▶ [GIVEN RECORDS]:
════════
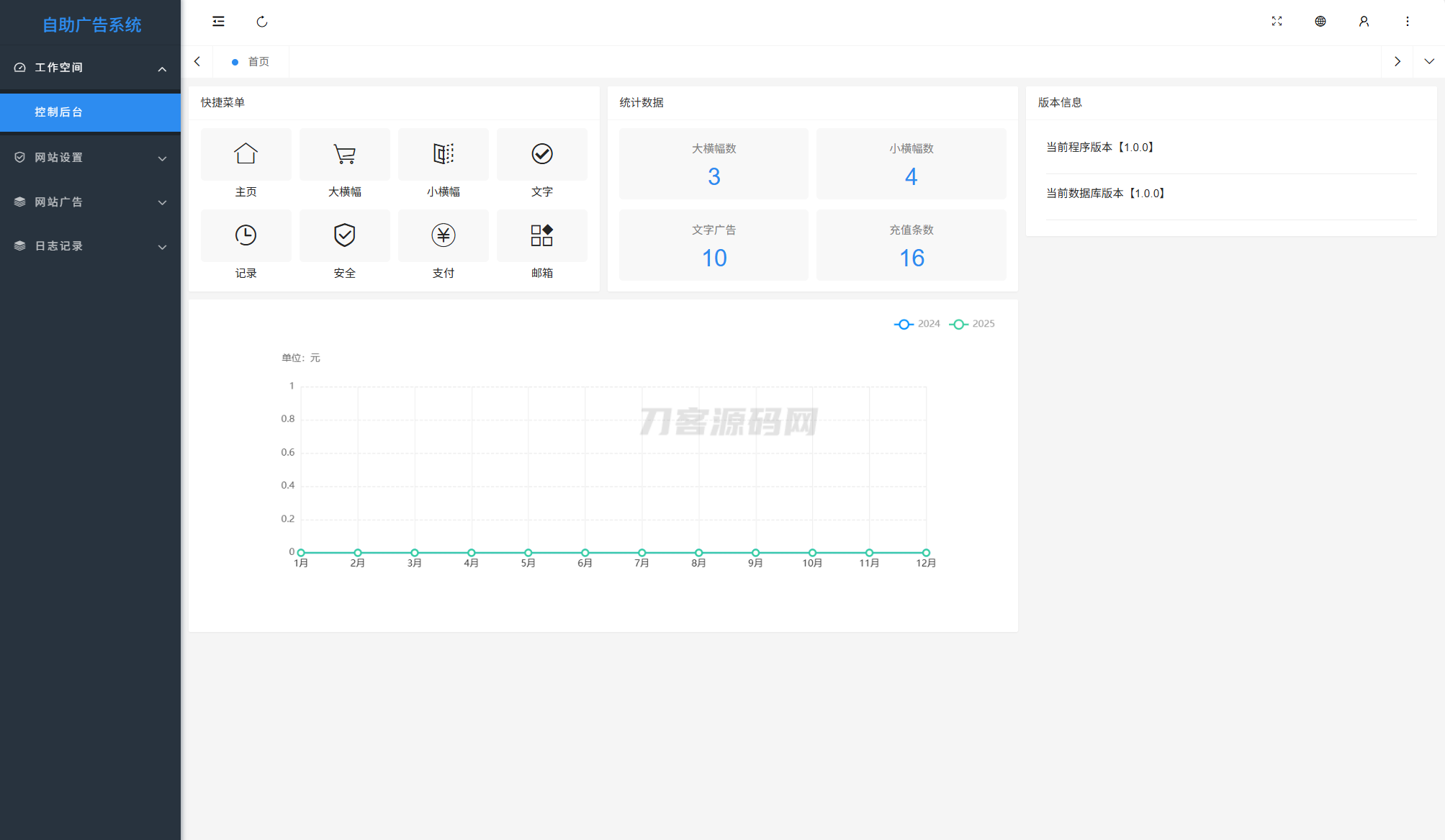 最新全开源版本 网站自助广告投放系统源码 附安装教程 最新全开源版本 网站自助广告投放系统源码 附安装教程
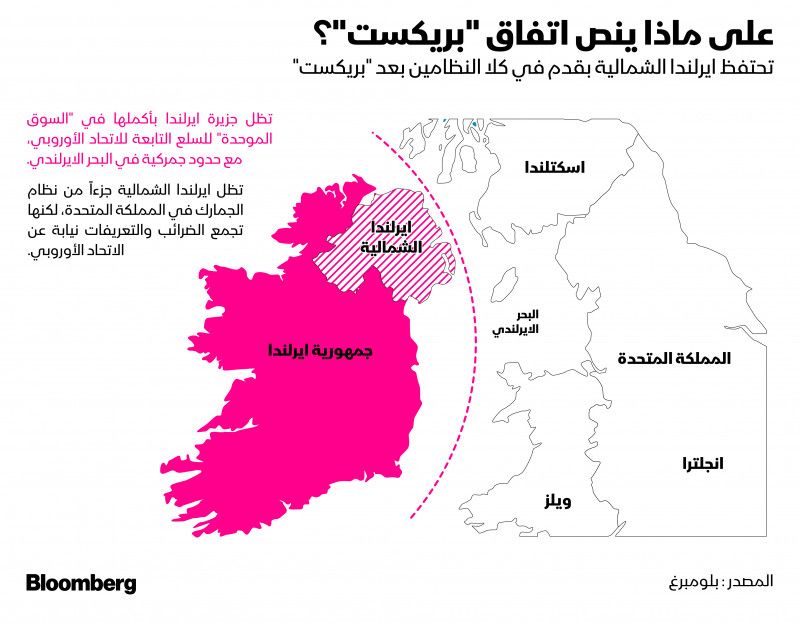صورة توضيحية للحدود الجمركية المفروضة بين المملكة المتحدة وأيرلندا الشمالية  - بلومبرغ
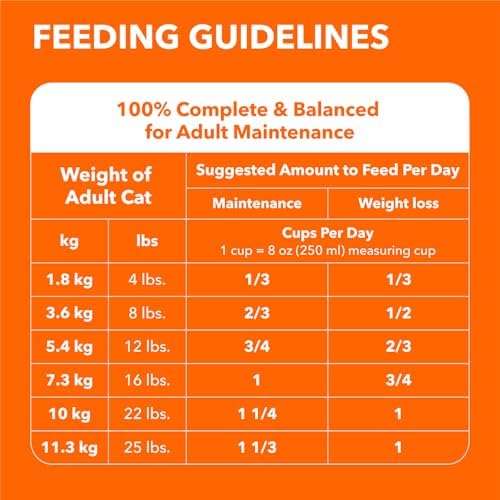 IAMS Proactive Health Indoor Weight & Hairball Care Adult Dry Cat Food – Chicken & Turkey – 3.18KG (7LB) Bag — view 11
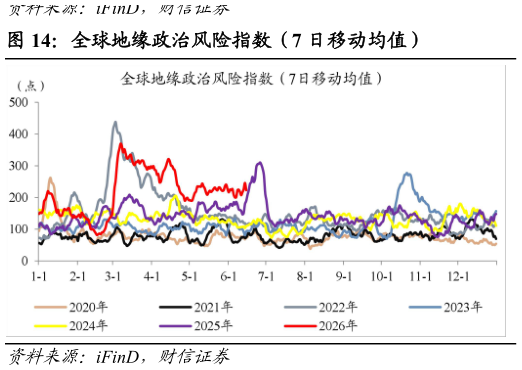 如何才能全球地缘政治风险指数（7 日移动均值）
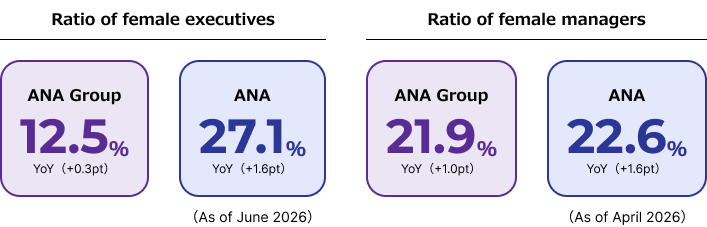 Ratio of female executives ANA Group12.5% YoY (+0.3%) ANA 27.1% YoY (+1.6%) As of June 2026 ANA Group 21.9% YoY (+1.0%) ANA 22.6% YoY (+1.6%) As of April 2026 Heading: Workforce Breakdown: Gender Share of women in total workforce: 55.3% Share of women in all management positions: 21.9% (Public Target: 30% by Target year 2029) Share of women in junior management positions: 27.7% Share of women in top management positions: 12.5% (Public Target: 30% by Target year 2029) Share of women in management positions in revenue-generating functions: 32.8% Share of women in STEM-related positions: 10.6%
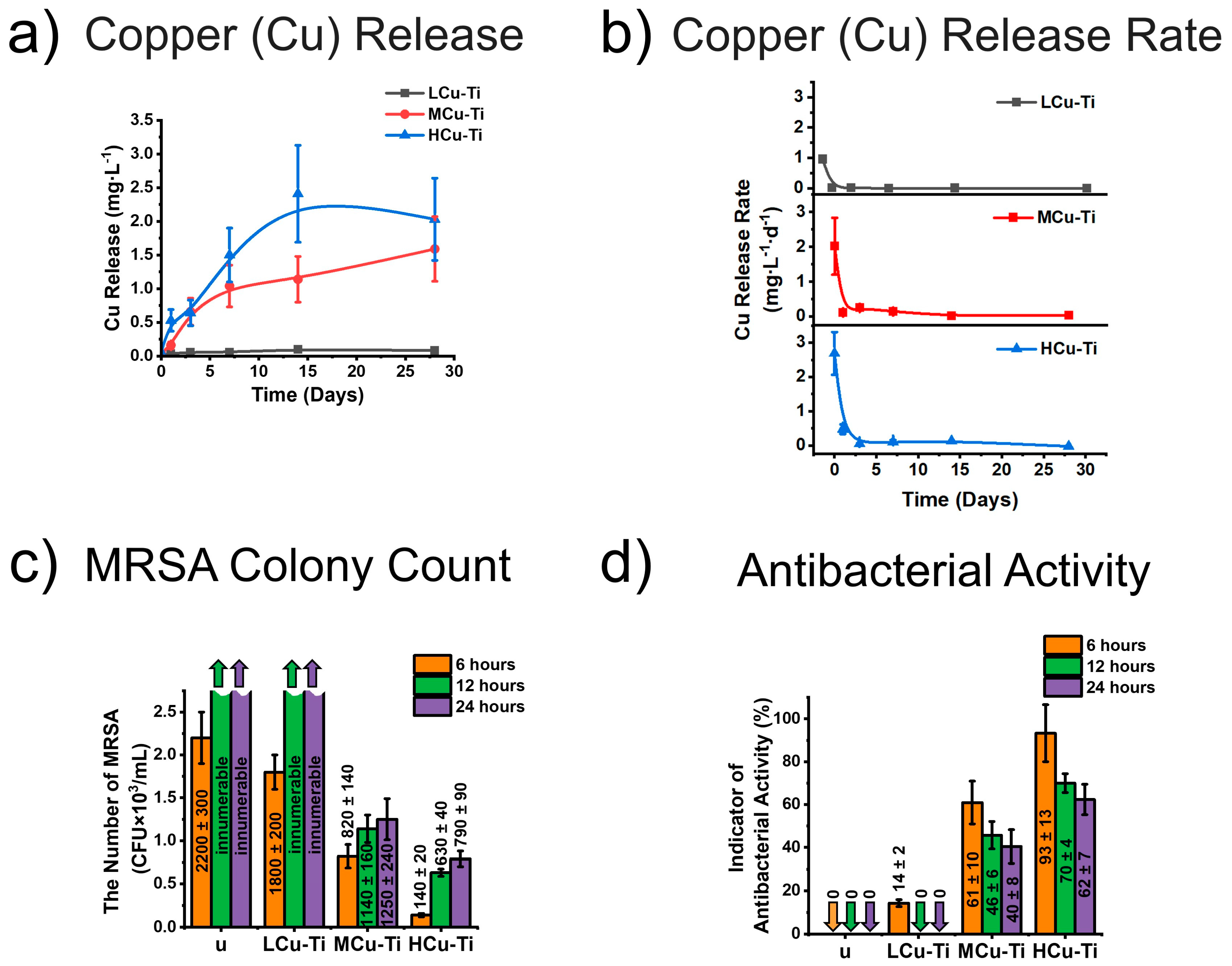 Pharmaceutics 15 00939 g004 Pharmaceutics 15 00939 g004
════════
▶ [TASK REQUIREMENTS]: The line containing "Ratio of female" and all lines after it, through the last line of the records, should be returned exactly. Omit the pictures.

▶ [YOUR SOLUTION]:
 Ratio of female executives ANA Group12.5% YoY (+0.3%) ANA 27.1% YoY (+1.6%) As of June 2026 ANA Group 21.9% YoY (+1.0%) ANA 22.6% YoY (+1.6%) As of April 2026 Heading: Workforce Breakdown: Gender Share of women in total workforce: 55.3% Share of women in all management positions: 21.9% (Public Target: 30% by Target year 2029) Share of women in junior management positions: 27.7% Share of women in top management positions: 12.5% (Public Target: 30% by Target year 2029) Share of women in management positions in revenue-generating functions: 32.8% Share of women in STEM-related positions: 10.6%
 Pharmaceutics 15 00939 g004 Pharmaceutics 15 00939 g004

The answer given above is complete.